At step 906, the method 900 further includes storing of the consolidated data at the data warehouse 306. The stored data may be used for generating reporting using the reporting server 206. The reporting server 206 also includes the reporting tool 207 for generating reports of the one or more worksite 102 from the data warehouse 306.
At step 908, the method 900 further includes deploying the data management system 204 by the deployment packaging module 208. The step 906 of deploying the data management system 204 includes the following process. Primarily, a plurality of pre-defined supporting instructions for deployment of the data management system 204 is provided by the source system support module 502 to the information access system 202. Thereupon, a set of pre-defined transformation logic to be executed during configuration of the data management system 204 is scheduled. Further, the data management system 204 is configured in the information accessing system 202 by the configuration module 504 based on the plurality of pre-defined supporting instructions.
At step 908, the method 900 further includes generate one or more reports based on the data received from the data warehouse 306 located at each of multiple worksites by the corporate warehouse 212. The corporate warehouse 212 is enabled to generate multisite comparison report of the one or more worksites 102 by the corporate warehouse 212 and report of the data warehouse 306 of the data management system 204 using one or more third party reporting tools. The multisite comparison report and the report generated using the one or more third party reporting tools are stored in the storage module 706 of the corporate warehouse 212.

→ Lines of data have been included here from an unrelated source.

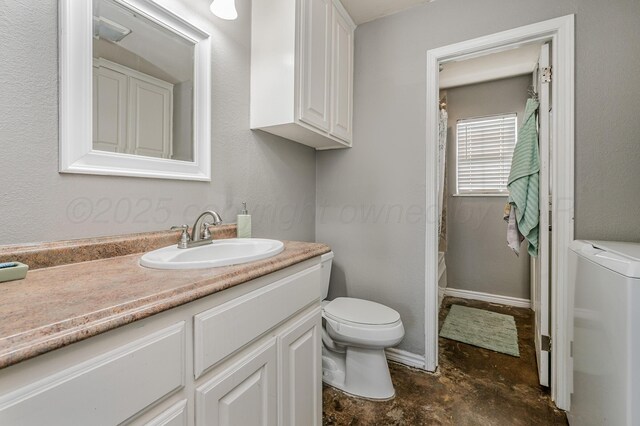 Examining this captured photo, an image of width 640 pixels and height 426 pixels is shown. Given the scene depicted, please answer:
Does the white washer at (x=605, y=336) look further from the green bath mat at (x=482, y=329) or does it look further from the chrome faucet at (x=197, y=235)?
the chrome faucet at (x=197, y=235)

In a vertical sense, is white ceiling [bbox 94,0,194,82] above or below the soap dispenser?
above

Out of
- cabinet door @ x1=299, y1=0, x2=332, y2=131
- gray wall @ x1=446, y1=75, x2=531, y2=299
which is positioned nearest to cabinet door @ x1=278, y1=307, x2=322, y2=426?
cabinet door @ x1=299, y1=0, x2=332, y2=131

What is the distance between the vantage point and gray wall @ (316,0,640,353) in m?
1.43

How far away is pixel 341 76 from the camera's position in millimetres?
1919

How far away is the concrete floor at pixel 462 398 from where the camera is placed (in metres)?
1.45

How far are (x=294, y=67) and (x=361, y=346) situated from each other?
1.51 meters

While aspects of the present disclosure have been particularly shown and described with reference to the embodiments above, it will be understood by those skilled in the art that various additional embodiments may be contemplated by the modification of the disclosed machines, systems and methods without departing from the spirit and scope of what is disclosed. Such embodiments should be understood to fall within the scope of the present disclosure as determined based upon the claims and any equivalents thereof.